After locating the line with "Keinotekoinen ruukkukasvi sisustukseen, Bonsai-simulaatio", set down that line and all the lines that follow it, unchanged, to the end of the records; omit the pictures.

*** Opening Data records ***

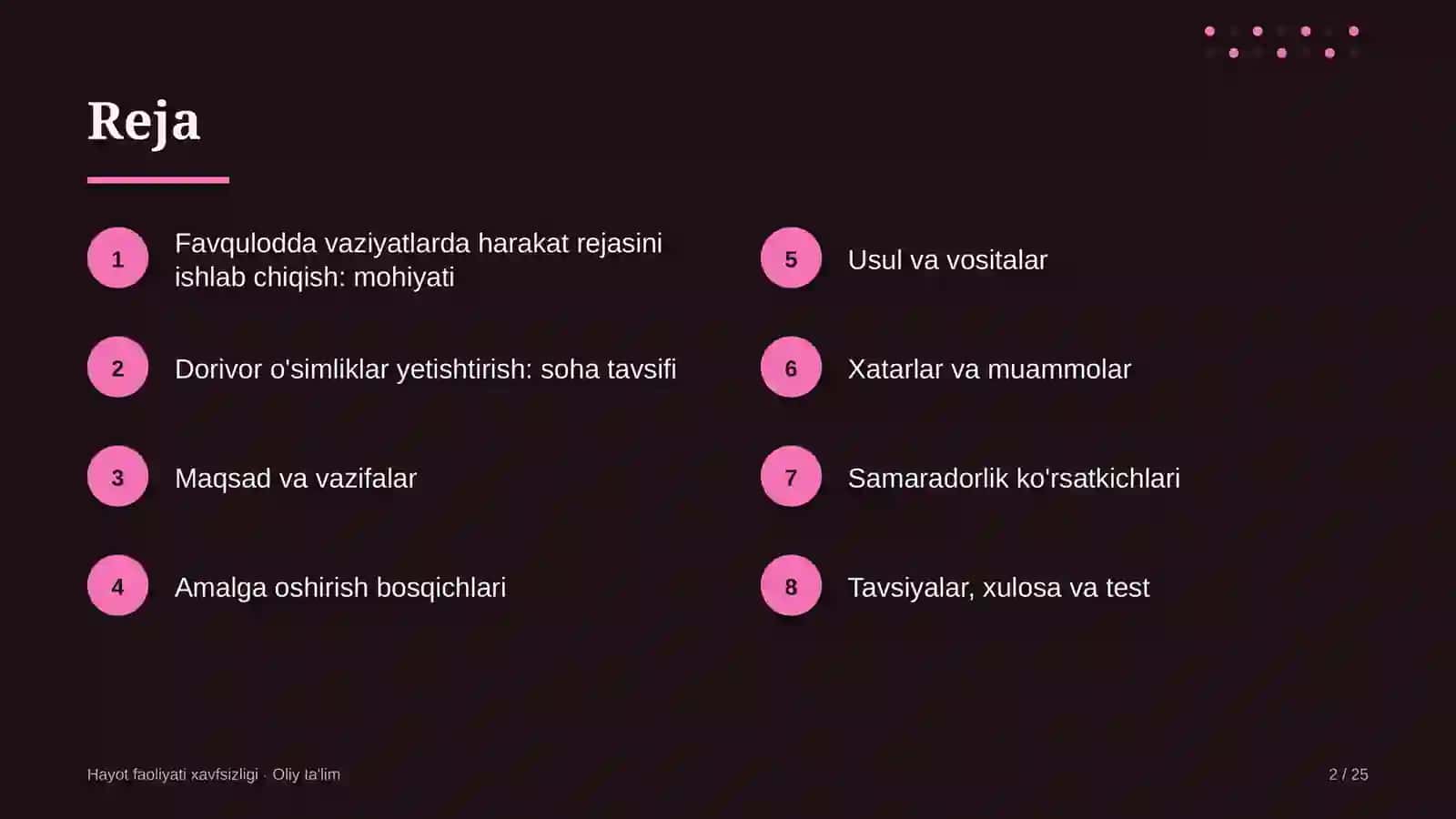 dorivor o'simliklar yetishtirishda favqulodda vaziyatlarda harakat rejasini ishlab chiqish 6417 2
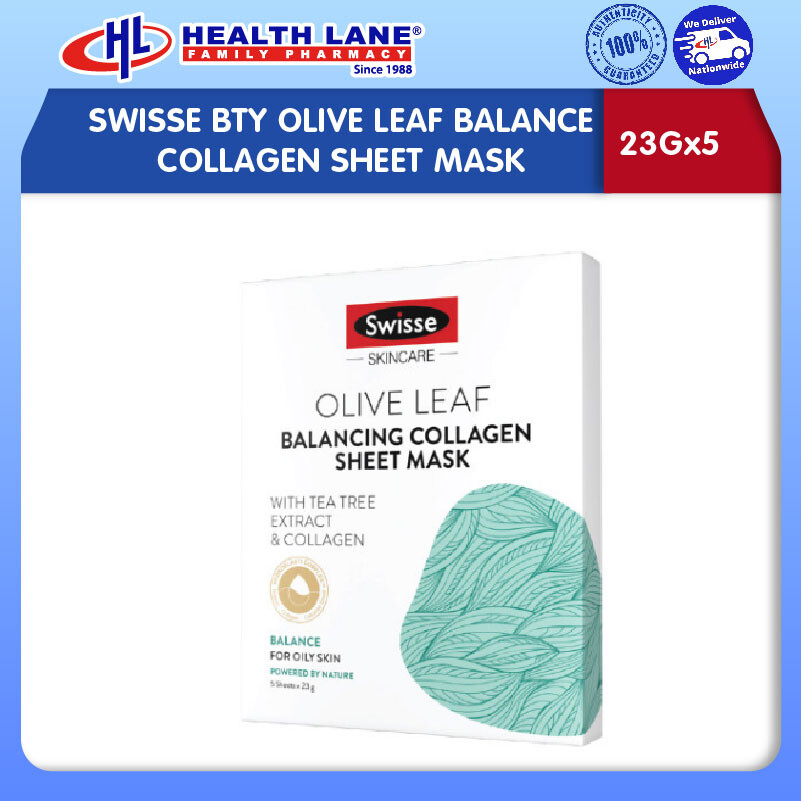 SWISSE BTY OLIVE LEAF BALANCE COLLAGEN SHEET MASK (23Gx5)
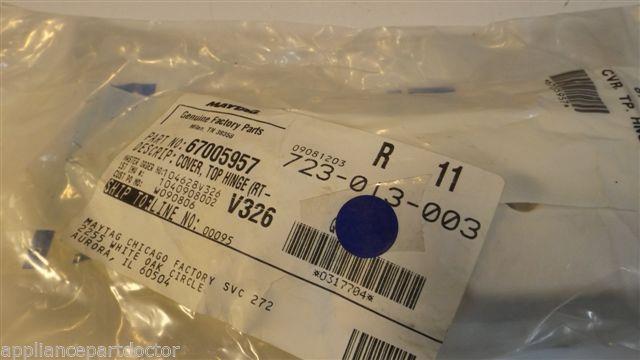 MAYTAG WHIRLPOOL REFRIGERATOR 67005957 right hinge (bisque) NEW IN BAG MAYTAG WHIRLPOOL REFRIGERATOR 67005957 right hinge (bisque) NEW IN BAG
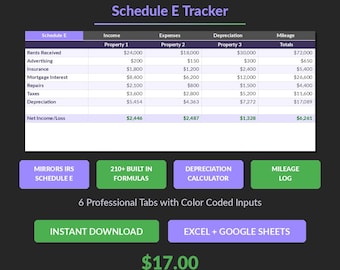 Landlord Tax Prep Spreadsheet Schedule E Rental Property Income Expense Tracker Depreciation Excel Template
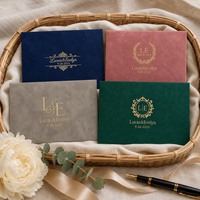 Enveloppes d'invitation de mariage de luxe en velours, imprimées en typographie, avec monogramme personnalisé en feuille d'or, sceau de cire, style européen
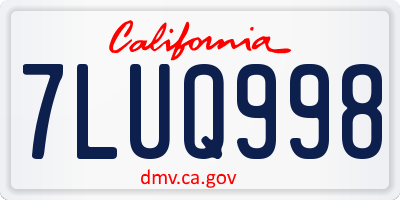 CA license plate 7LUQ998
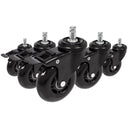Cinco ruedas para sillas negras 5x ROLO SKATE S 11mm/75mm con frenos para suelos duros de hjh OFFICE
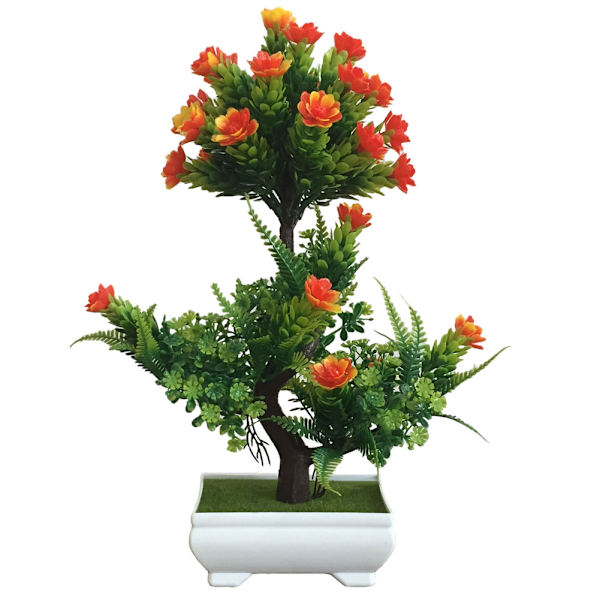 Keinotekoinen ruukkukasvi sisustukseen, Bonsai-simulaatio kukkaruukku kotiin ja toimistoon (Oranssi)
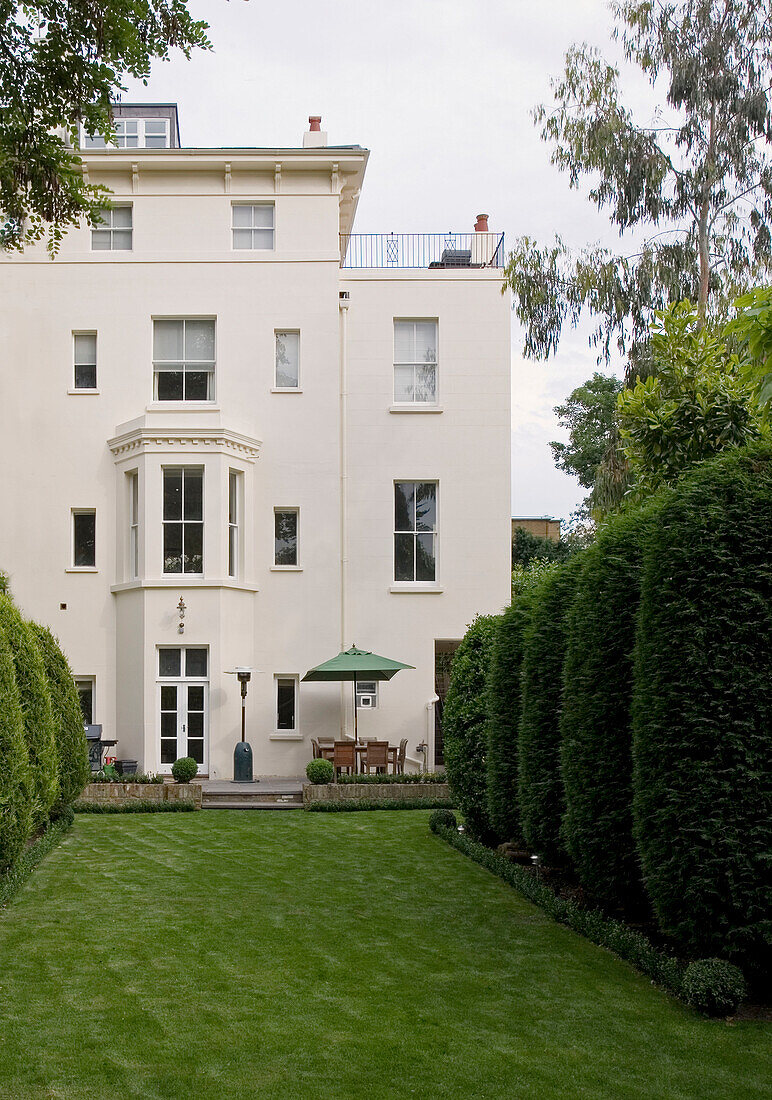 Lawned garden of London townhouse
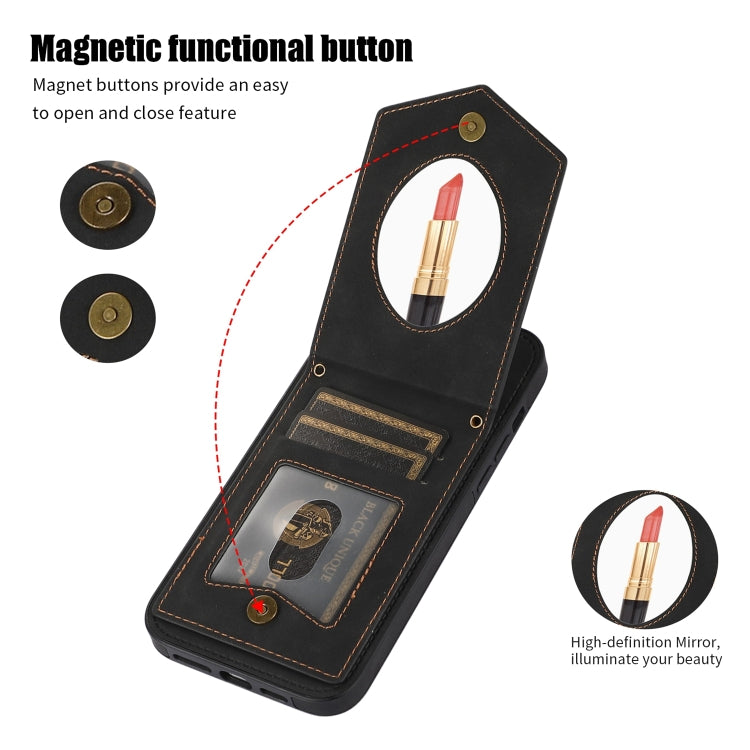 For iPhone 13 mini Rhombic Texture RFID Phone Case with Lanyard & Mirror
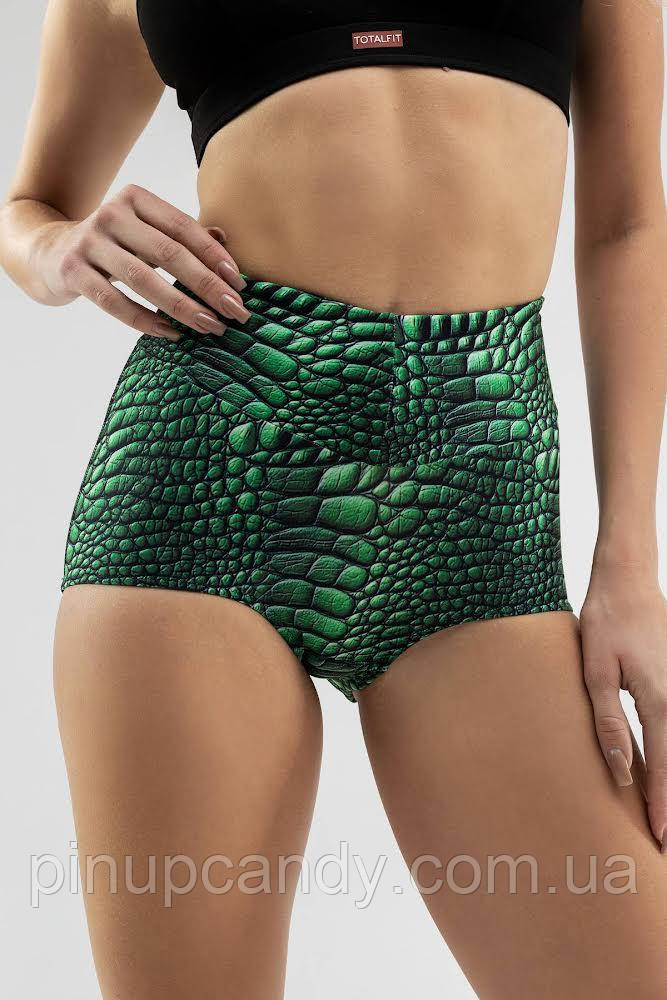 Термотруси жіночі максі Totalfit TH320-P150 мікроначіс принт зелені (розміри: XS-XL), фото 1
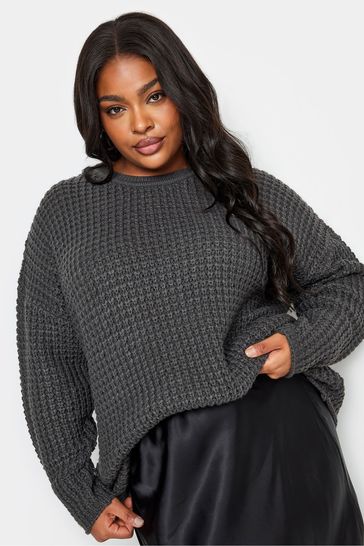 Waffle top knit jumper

*** Closing Data records ***

**Response below**
 Keinotekoinen ruukkukasvi sisustukseen, Bonsai-simulaatio kukkaruukku kotiin ja toimistoon (Oranssi)
 Lawned garden of London townhouse
 For iPhone 13 mini Rhombic Texture RFID Phone Case with Lanyard & Mirror
 Термотруси жіночі максі Totalfit TH320-P150 мікроначіс принт зелені (розміри: XS-XL), фото 1
 Waffle top knit jumper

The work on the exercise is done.